Становлюсь на правый флангъ. Проѣзжаетъ Фитингофъ.
— Адъютантъ не знаетъ своего мѣста! кричитъ съ пѣною у рта начальникъ дивизіи: извольте стать передъ литаврщикомъ.
Переѣзжаю туда и думаю: наконецъ то, слава Богу.
Скачетъ Офенбергъ, самъ выѣзжавшій своихъ горячихъ лошадей. Покуда неукрощенная кобыла произвольно мѣняетъ ноги то справа, то слѣва въ галопѣ, — только и слышно: „здорово первый эскадронъ!“
И затѣмъ: „фуй Катька! фуй Катька!“
Доскакавши до меня онъ, попридержавъ лошадь, сказалъ: „адъютантъ не знаетъ своего мѣста! извольте встать на флангъ“.

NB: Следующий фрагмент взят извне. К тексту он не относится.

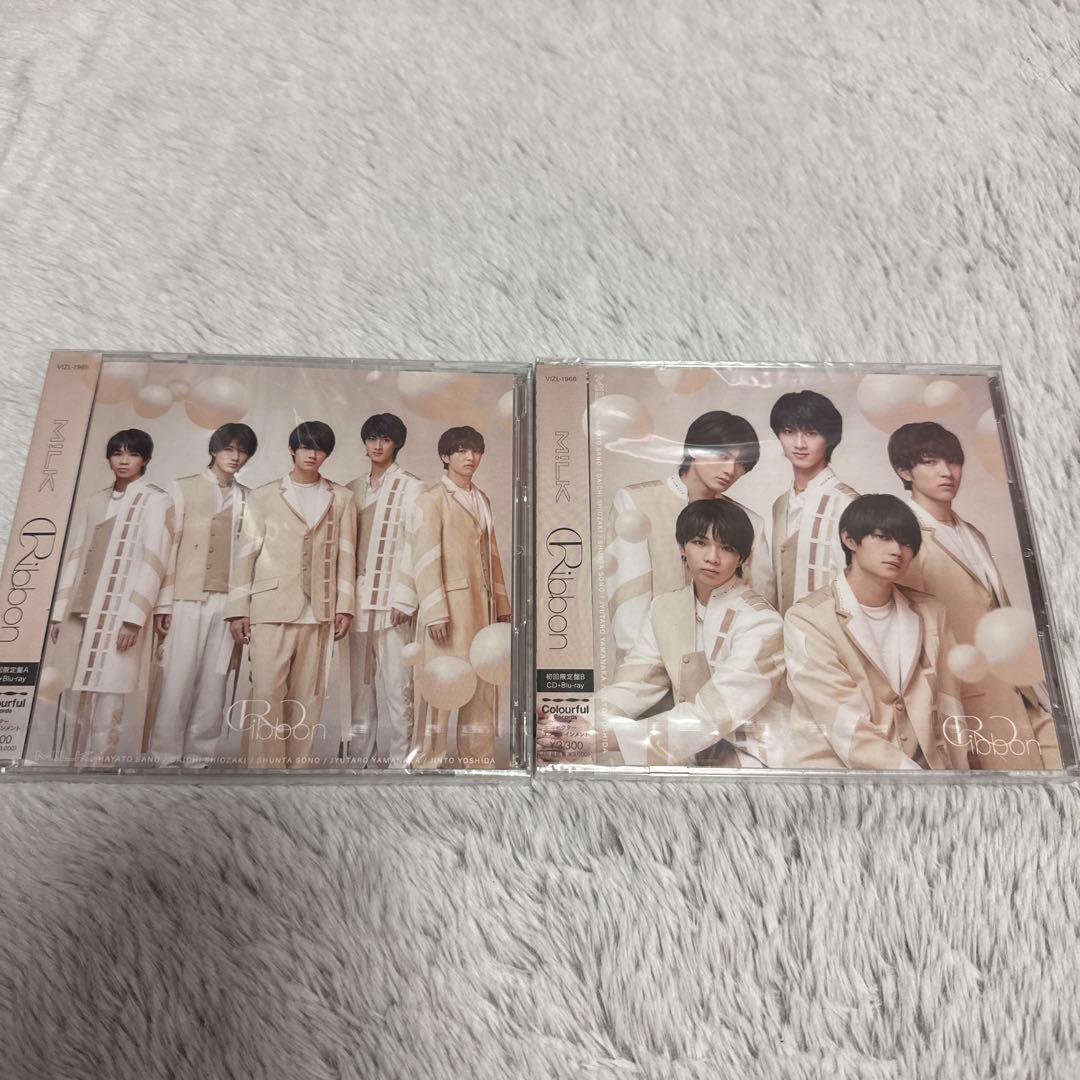 M!LK Ribbon 初回限定盤A.Bセット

Ковыляетъ шатающійся на свой лошадкѣ инспекторъ графъ Никитинъ.
— Ты батюшка адъютантъ, стань-ка на свое мѣсто передъ литаврщикомъ.
Такимъ образомъ инспекторъ спасъ меня отъ справедливаго замѣчанія царя, которому я не сталъ бы докладывать, что стою по личному приказанію его в—пр—а.

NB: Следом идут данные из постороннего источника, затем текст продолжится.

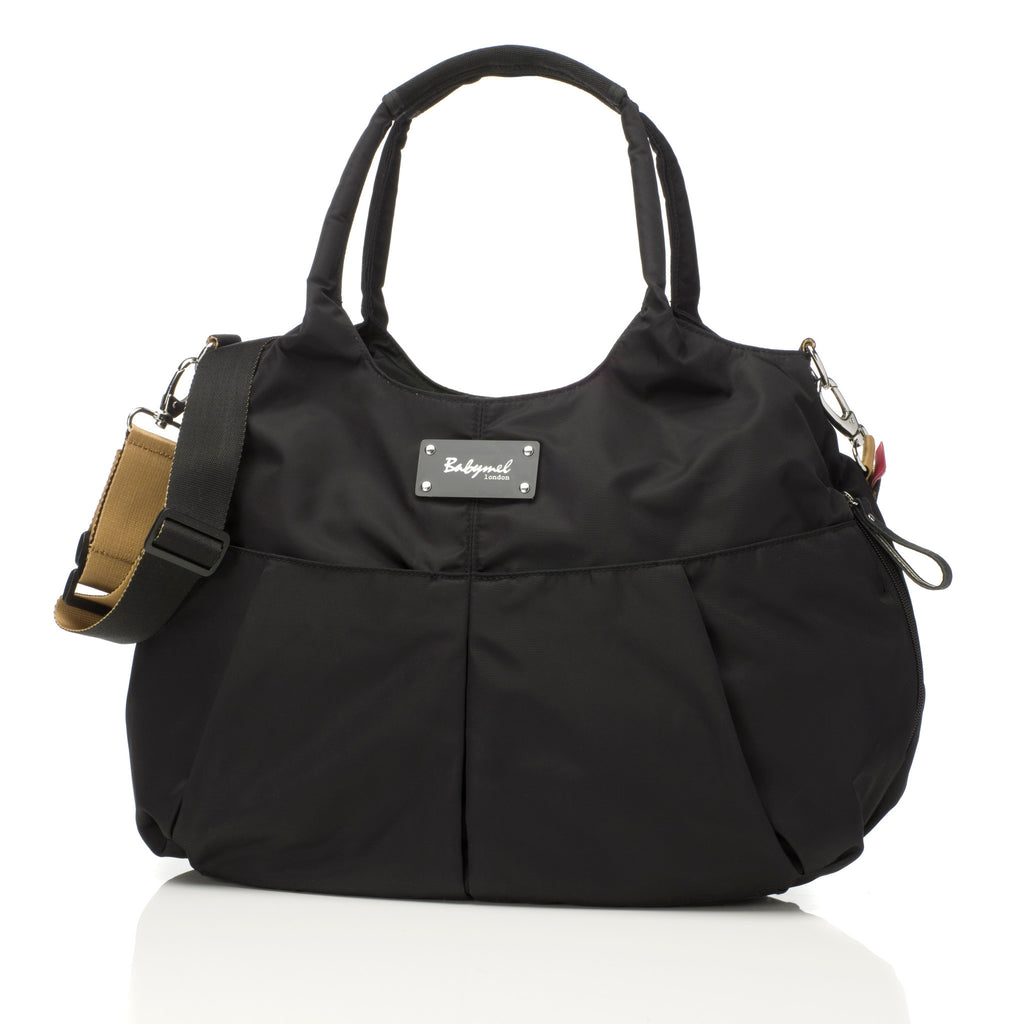 Babymel Zahra Baby Nappy Bag - Black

Къ этому церемоніальному маршу всѣ начальники частей готовились заблаговременно насколько могли, зная напередъ, что царь все видитъ. Думалъ и я между прочимъ, что у меня въ трубаческомъ взводѣ казалось бы все хорошо, начиная съ ненадѣваннаго, расшитаго золотыми галунами мундира литаврщика.
Только ходящій подъ литавромъ 9-ти вершковый Центавръ, хотя еще вполнѣ крѣпокъ ногами, выдаетъ свою старость снѣжной бѣлизной.
На горестныя мои соображенія берейторъ Лупалъ сказалъ: „позвольте мнѣ его къ царскому смотру выкрасить. Отвѣчаю головой, ни одинъ знатокъ не замѣтитъ. А будетъ хорошо“.
Послѣднее слово подзадорило меня, и я сказалъ: „валяй“.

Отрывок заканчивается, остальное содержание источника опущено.